Like all major tech implementations, standards are important, which explains why Platform is delighted that many major system vendors, including Dell, IBM, HP, NEC and SGI, have adopted its grid technology to support their enterprise computing strategies. In September, the firm created three global acceleration centers-in New York City, San Jose, CA, and Washington, DC-to help organizations prepare their applications and infrastructure for grid computing. The centers will provide technical consulting, application integration and professional services, in partnership with key system vendors, application software vendors and professional services organizations. In the next few weeks, Platform is expected to announce new OGSI-compliant products, key partnerships and application integrations, which will be offered through the three centers. The firm declined to provide prices.
But Oracle says firms want simplicity and that its shrink-wrapped software, which is standardized, will be an affordable off-the-shelf solution for many firms. Officials declined to provide prices. In addition to releasing Database 10g, reportedly the first database with advanced self-management, clustering and storage management for enterprise grid computing, the firm also released Application Server 10g. This application allows firms to run existing applications and Web Services on enterprise grids unchanged; also launched was the complementary Enterprise Manager 10g, which monitors and manages entire Oracle grid infrastructures-from databases and applications to storage-from a single console. At the heart of the product are the Real Application Clusters, which officials say is the only clustered database software that runs packaged applications unchanged as additional servers and storage are added. The clusters, which have been in development for more than a decade, are being used by more than 600 customers in 44 countries.
Shahrawat says widespread application of grid computing in financial services is still "three or four years" away. "Since it requires collaboration across technology providers, unless those providers are on the same grid computing map, it will take time. ...It's too early to be either cynical or optimistic," he says.
IDC analyst Mark Melenovsky expects grid computing to be one of the key IT expenditures for financial services over the next five years, particularly if belt-tightening continues to dominate the sector. "Grid computing is a very big deal," he says. Consultants note that many retail banks will end up using that extra computing power for data-warehousing tasks; transaction processing; pattern-detecting for anti-money laundering; risk modeling in such knowledge-based systems like Bayesian belief networks and causal networks; portfolio optimization, balancing and performance analytics; derivatives pricing; trading analytics, credit-default analysis; and mean-variance forecasting.
"Despite all the potential advantages of grid computing, it should be recognized that its use in the financial services industry is still in its infancy," says Haney in his research note.

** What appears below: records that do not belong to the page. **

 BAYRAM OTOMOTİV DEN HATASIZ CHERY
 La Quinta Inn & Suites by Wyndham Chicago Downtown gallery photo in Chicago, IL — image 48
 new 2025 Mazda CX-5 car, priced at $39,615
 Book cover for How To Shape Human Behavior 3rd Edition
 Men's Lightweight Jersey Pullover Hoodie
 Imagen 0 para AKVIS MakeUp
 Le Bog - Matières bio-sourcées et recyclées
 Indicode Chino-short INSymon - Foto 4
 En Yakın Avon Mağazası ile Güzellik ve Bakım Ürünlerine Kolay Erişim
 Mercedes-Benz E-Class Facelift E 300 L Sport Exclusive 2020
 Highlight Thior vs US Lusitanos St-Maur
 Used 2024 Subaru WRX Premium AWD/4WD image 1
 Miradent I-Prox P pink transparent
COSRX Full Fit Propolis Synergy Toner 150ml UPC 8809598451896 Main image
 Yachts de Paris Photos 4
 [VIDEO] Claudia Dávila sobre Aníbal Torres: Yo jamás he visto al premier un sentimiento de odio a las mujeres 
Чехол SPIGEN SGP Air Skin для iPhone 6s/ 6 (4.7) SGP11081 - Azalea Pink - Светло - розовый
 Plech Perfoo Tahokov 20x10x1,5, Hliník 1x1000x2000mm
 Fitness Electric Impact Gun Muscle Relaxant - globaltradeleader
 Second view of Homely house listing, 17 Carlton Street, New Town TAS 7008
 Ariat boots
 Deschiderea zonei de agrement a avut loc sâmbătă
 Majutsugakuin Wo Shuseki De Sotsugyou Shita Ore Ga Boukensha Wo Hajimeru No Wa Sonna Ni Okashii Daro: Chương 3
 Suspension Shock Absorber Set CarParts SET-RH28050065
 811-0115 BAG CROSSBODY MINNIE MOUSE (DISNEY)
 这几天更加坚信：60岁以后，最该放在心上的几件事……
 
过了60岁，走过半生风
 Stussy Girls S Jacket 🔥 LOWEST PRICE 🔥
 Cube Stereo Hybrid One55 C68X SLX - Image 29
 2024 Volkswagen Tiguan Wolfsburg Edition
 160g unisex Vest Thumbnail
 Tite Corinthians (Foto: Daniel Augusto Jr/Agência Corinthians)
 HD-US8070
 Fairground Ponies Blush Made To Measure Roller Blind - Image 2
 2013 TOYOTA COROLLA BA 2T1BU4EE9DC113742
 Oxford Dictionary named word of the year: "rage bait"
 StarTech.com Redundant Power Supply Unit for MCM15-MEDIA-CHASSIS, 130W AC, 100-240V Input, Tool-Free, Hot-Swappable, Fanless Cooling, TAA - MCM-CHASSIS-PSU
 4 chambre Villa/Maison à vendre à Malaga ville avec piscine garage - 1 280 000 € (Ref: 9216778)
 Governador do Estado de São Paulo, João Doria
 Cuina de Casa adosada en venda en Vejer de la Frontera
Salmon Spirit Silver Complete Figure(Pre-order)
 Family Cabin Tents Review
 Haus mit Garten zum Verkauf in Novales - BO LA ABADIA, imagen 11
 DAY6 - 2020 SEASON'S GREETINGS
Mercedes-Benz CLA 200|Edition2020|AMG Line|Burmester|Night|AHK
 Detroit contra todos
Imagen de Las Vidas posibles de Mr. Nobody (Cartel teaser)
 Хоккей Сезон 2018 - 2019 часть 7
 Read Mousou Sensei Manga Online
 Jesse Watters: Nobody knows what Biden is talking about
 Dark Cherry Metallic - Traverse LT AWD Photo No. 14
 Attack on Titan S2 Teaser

Russo agrees, but points out that there is simply no turning back now. "Grid computing is the next new wave that is going to become a standard across this industry for managing computer-intensive resources," he says. "It's really one of the Holy Grails we've been going after as an industry ever since the client server first peeked over the horizon in the late 1980s. This gives us the opportunity to take advantage of the distributed-server technology that launched back in the late 1980s with some of the control and value that we got out of the glass houses of the '70s. It's the best of both worlds."